EXERCISE AIM ->
Skip every picture, and copy exactly the lines from the one containing "Masă de toaletă" to the end of the data.

DATA EXTRACTS ->

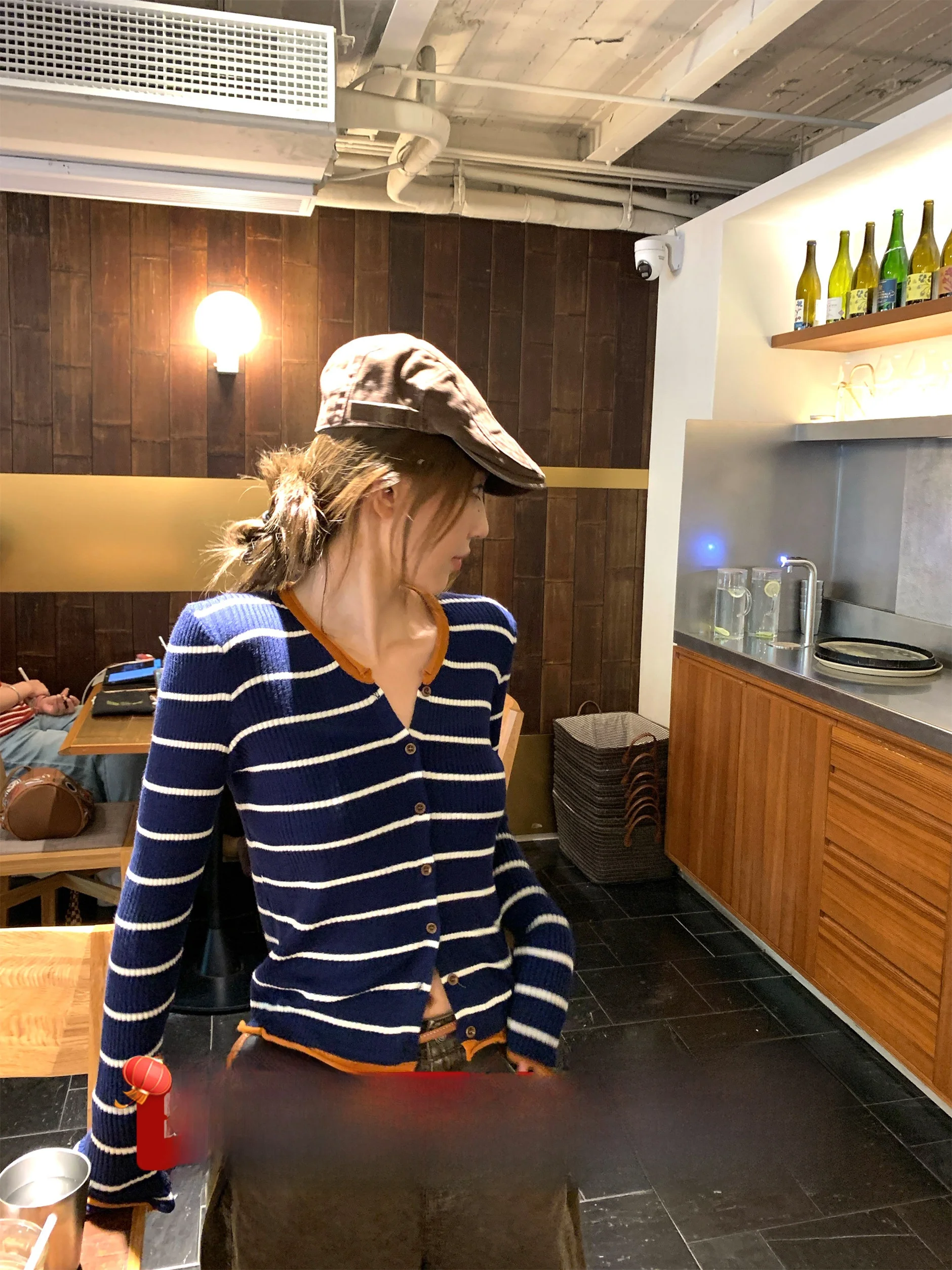 

MLS Peninsula Early Autumn Korean Sle Color Blo Striped Knitwear Women's Slim Fit ort Open Cardigan irt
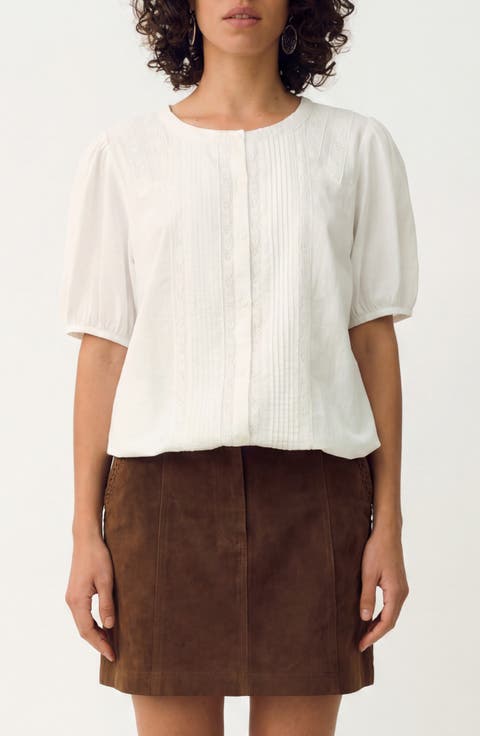 Pintuck Lace Inset Top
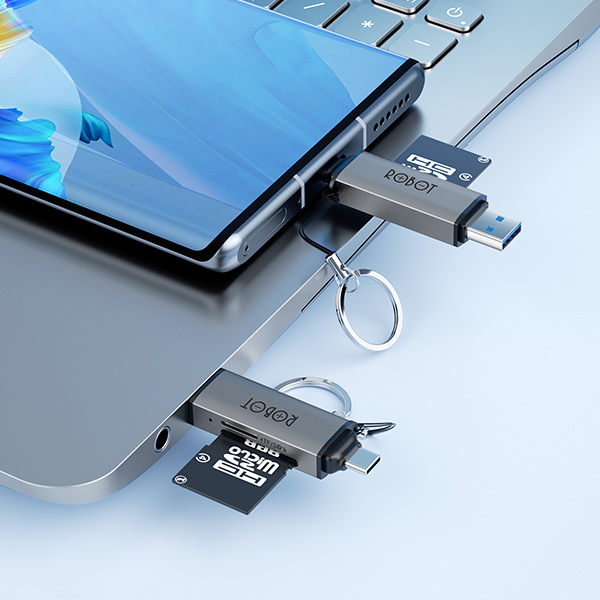 ROBOT CR202S Card Reader Cardreader OTG 2 in 1 Robot CR202S 2in1 USB 3.0 Type-C Type C Micro SD Card MicroSD SDHC SD Card Memory Kamera - Gambar 3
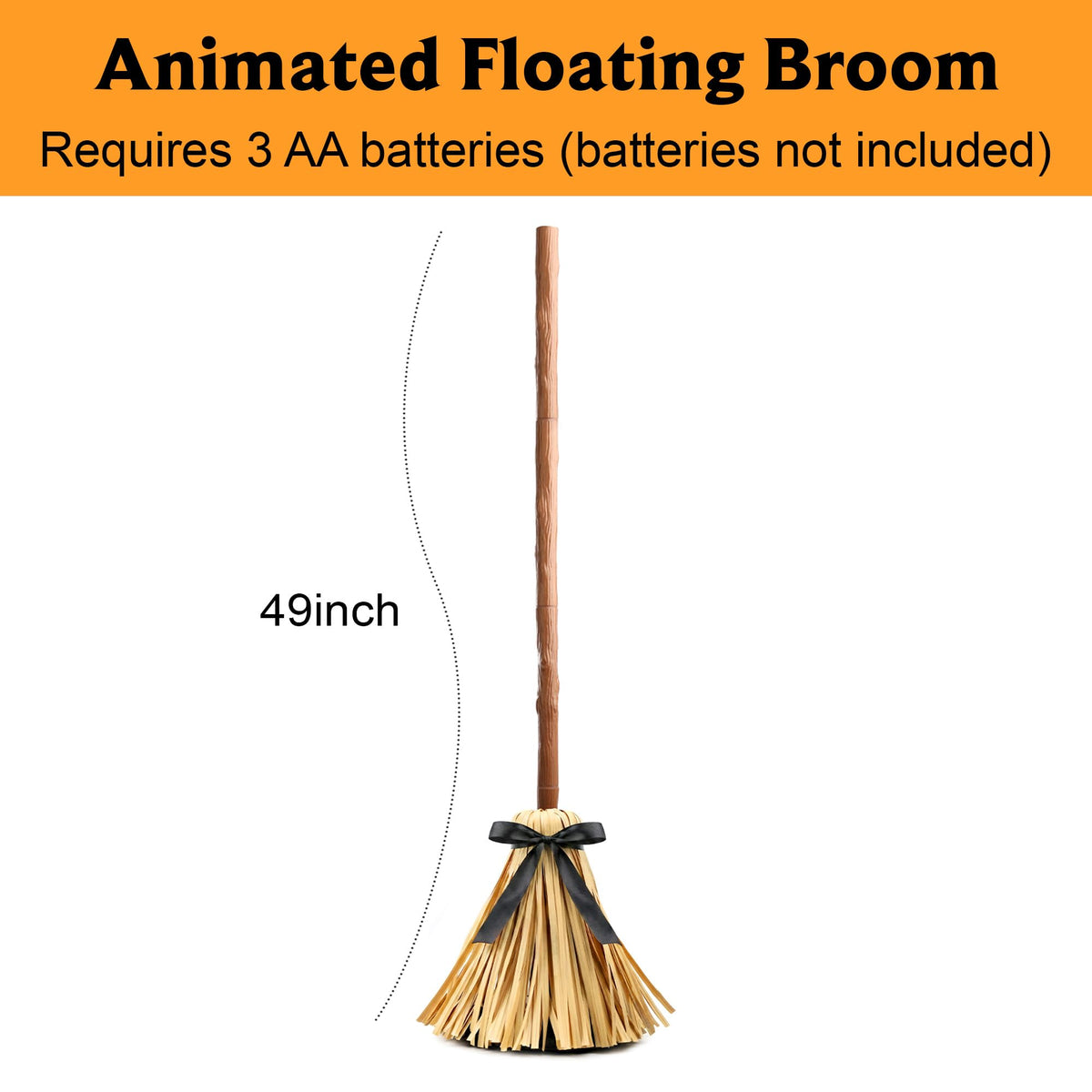 Halloween Decorations Indoor - 49" Animated Floating Lighted Witch Broom with Spooky Sound/Mute Mode - Dancing Magic Broom for Home Party Decorations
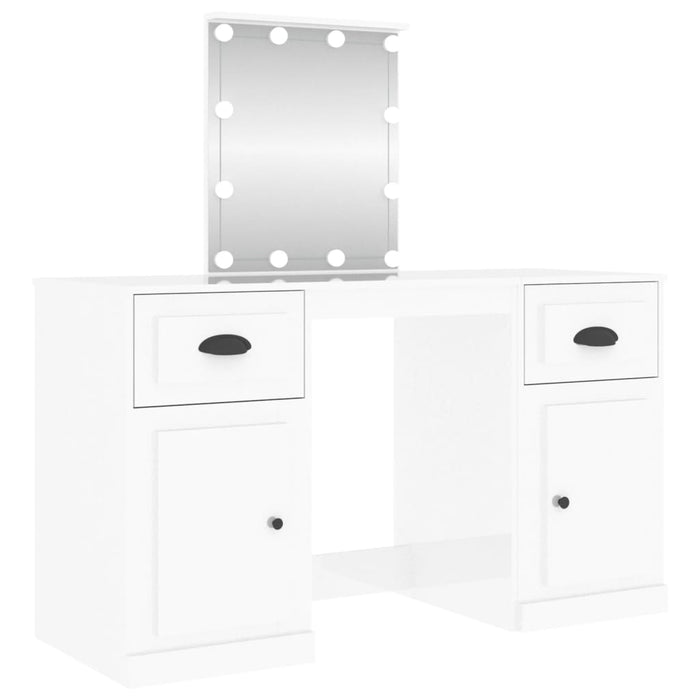 Masă de toaletă cu LED, alb extralucios, 130x50x132,5 cm WALTI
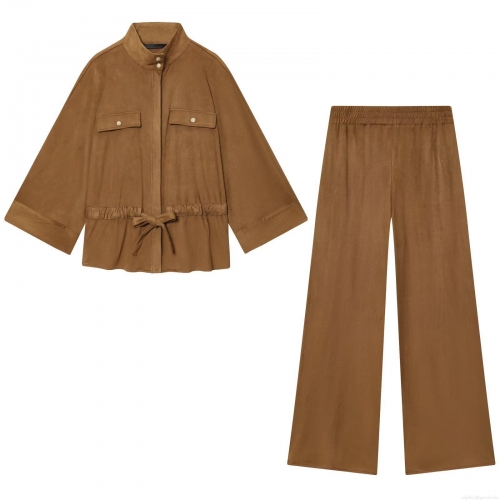 Women's Faux Suede Two Piece Set Solid Color Long Sleeve Collared Shirt Jacket High Waist Wide Leg Pants Streetwear Casual Autumn Outfits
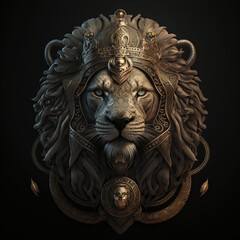drawn lion in the old style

SOLUTION FOR THIS PROBLEM ->
 Masă de toaletă cu LED, alb extralucios, 130x50x132,5 cm WALTI
 Women's Faux Suede Two Piece Set Solid Color Long Sleeve Collared Shirt Jacket High Waist Wide Leg Pants Streetwear Casual Autumn Outfits
drawn lion in the old style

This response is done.